FIG. 1 illustrates a perspective view of an embodiment of the invention. As shown, non-penetrating mount for an antenna 100 includes base 101, plate 102, arm 103, J-pipe 104 that couples with arm 103 via optional rotation joint 105, specifically at joint end 108 of J-pipe 104. An antenna may be mounted on antenna mount end 106, of J-pipe 104. J-pipe 104 also includes bend 107. Optional extender 109 allows for arm 103 to move J-pipe 104 away from or towards base 101. Base 101 and plate 102 include a plurality of friction elements 110 that may be implemented as coupled friction elements, for example welded on, or integral friction elements, for example molded or forged into or out of the plane which defines the main portion of both base 101 and plate 102. Base 101 and plate 102, when forced together on opposing sides of a rafter, (not shown but which fits within the space between base 101 and plate 102) enable embodiments of the invention to couple with the rafter in a non-intrusive manner and with less potential damage to the rafter than is possible with known devices. Plate 102 is configured so that minimal force must be utilized to hold embodiments of the invention onto a rafter. For example, by asserting one or more force elements, such as one or more bolts to drive plate 102 towards base 101, non-penetrating mount for an antenna 100 is thus coupled with a rafter and provides a fixed installation for an antenna or satellite dish without requiring holes to be drilled through the rafter. If non-penetrating mount for an antenna 100 is removed from the rafted, no damage to the rafter occurs and no holes need to be patched since any indentations are very small.

FIG. 2 illustrates the embodiment of FIG. 1 with hidden lines shown. Opposing sides of base 101 and plate 102 can be seen with friction elements 110.

FIG. 3 illustrates a side view of an embodiment of the invention. FIG. 4 illustrates a top view of an embodiment of the invention. FIG. 5 illustrates a front view thereof.

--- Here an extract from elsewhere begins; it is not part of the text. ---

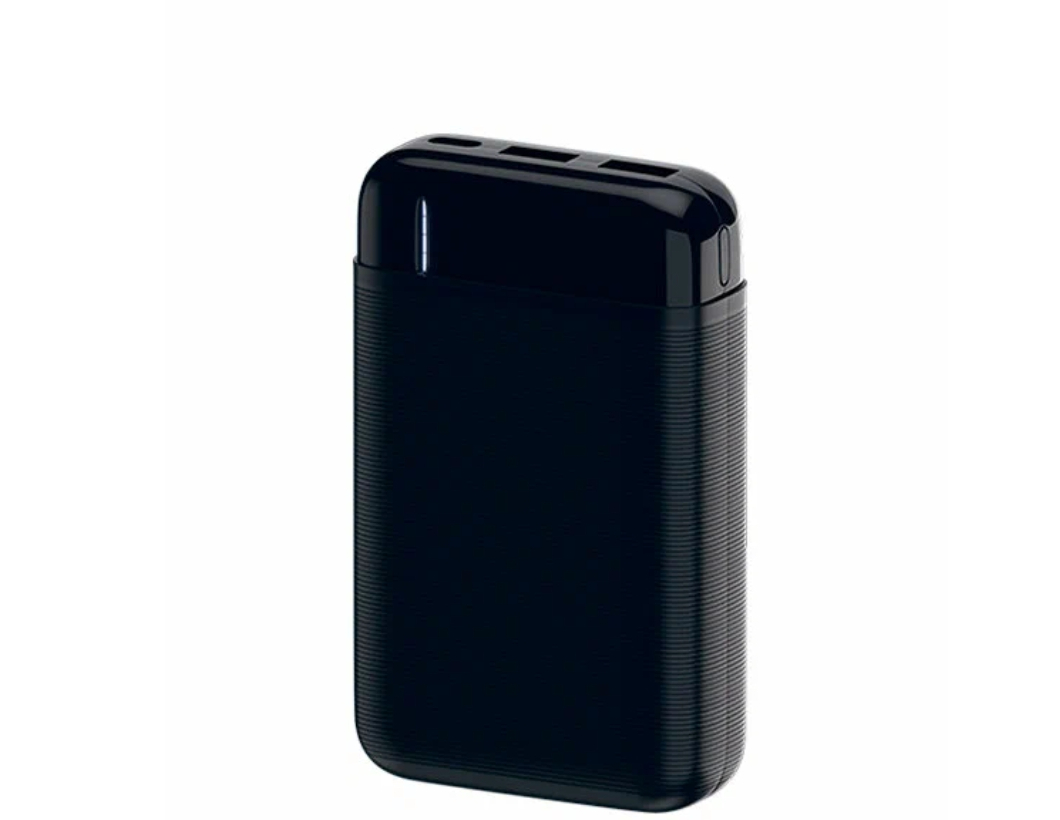 Внешний аккумулятор Maxvi PB10-07 10000mAh 2A black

FIG. 6A illustrates a perspective view of a first embodiment of the base. Force elements 601 and 602 may be implemented as threaded nuts, wherein bolts (not shown for brevity) that are rotated in force elements 601 and 602 force plate 102 towards the opposing portion of the base (left side of FIGS. 7A and 7B). Alternatively, force elements 601 and 602 may be replaced by a threaded nut in hole 610 so that only one force element is utilized to force the plate towards the opposing base face. Alternatively, hold 610 may be utilized to allow safety L-pin 1001 as shown in FIGS. 10A and 10B to keep plate 102 from falling out of the apparatus during installation for example. Friction elements 110 in this embodiment may be implemented as several protrusions that extend into or out of the plane that defines the inner face of base 101. FIG. 6B illustrates a perspective view of a second embodiment of the base. Friction elements 110 in this embodiment may be implemented as a higher number of protrusions that extend into or out of the plane that defines the inner face of base 101 as compared with the embodiments shown in FIG. 6A for example.

FIG. 7A illustrates a front view of a first embodiment of the base showing a few friction elements 110. FIG. 7B illustrates a front view of a second embodiment of the base showing a large number of friction elements.

FIG. 8 illustrates a side view of the base showing optional extender 109, that may be replaced by arm 103 for example if no extension functionality is required.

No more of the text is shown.